On a Hot Stove in the Old Ironclad

Cook stove recovered from the USS Cairo

Illustrating Civil War history can be challenging. Maps, photos, drawings, paintings, prints–period and modern–are tools of the trade. But addressing the complex and esoteric technology of naval vessels calls for another method: the digital graphic drawing.

Historical illustrator Jim Caiella provided excellent ship plans for my previous books, A Confederate Biography: The Cruise of the CSS Shenandoah (Naval Institute Press, 2015) and Unlike Anything That Ever Floated: The Monitor and Virginia and the Battle Hampton Roads, March 8-9, 1862 (Savas Beatie, 2021). He encountered a problem with our current project on the Mississippi River campaigns.

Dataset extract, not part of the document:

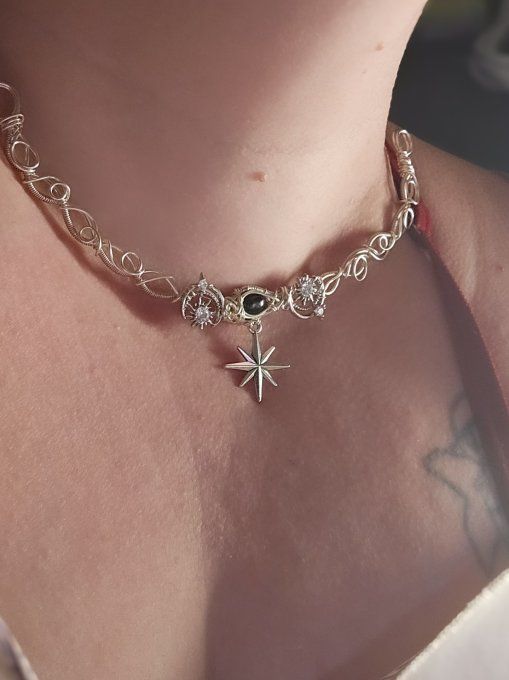 Diopside black star -collier charms modulable 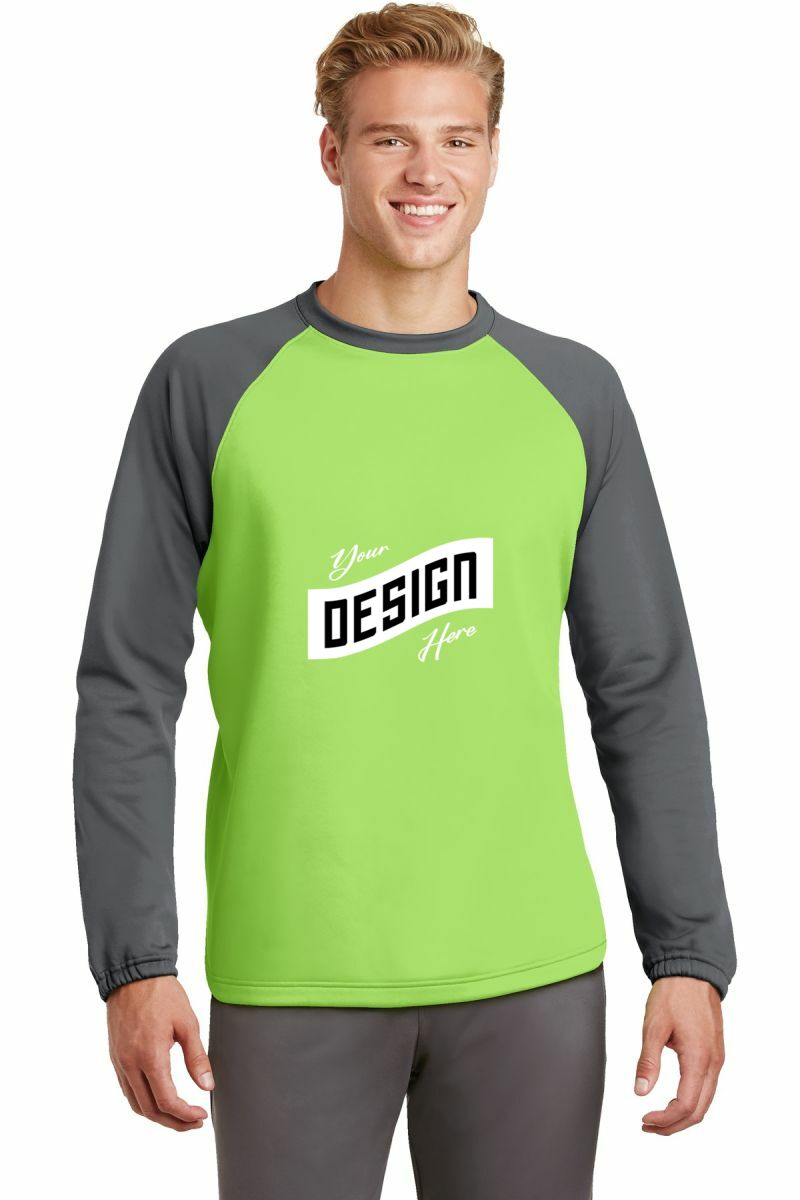  DISCONTINUED  Sport-Tek ®  Sport-Wick ®  Raglan Colorblock Fleece Crewneck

Jim is working on drawings covering vessels of the Union River Squadron starting with the famous ironclad USS Cairo. Developing accurate representations of this historical gunboat requires deep and detailed research combining nautical archeology, reconstruction, replication, and imagination.

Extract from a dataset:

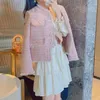 Women's Jackets Fashion Korean Chic Vintage Tweed Woolen Jacket Coat Women Autumn Single Breasted Plaid Tassel Office Lady Outwear Pink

When Jim encountered a particular challenge with the ship’s cook stove, he found invaluable assistance and solved the problem with excellent results as described in this fascinating blog post on the subject. Please take a look.



2 Responses to On a Hot Stove in the Old Ironclad

  1. Burton Range Company of Cincinnati (sometimes recorded as Burton Steel Range Co.) was established 1840s/1850s and was still operating in the early Twentieth Century. They were located at 317 Walnut Street and were renowned for steel and cast iron kitchen benches, ranges, steamer “trunks” (broilers) etc. for the commercial trade: hotels and restaurants.
    Burton Range Company evolved from S. H. Burton & Co. (featured on one of the medallions on the “Southern Belle” stove). John Van (also mentioned on the medallion) was a renowned designer in the Stephen Burton shop who left and went on to develop his own line of kitchen ranges, via the John Van Range Company.
    References: The Hotel Monthly (vol.14 1906 page 56) available at Hathitrust; “The John Van Range Company (Handbook of 1914)” available online at digital.cincinnatilibrary.org; “William’s Cincinnati Directory” (various years from 1859 – 1923) available online at Digital.cincinnatilibrary.org (Cincinnati and Hamilton County Public Library); “The John Van Range Company (trade catalog)” for 1874, available online at digitalcommonwealth.org (Massachusetts Collections Online – Historic New England) and includes some sketches.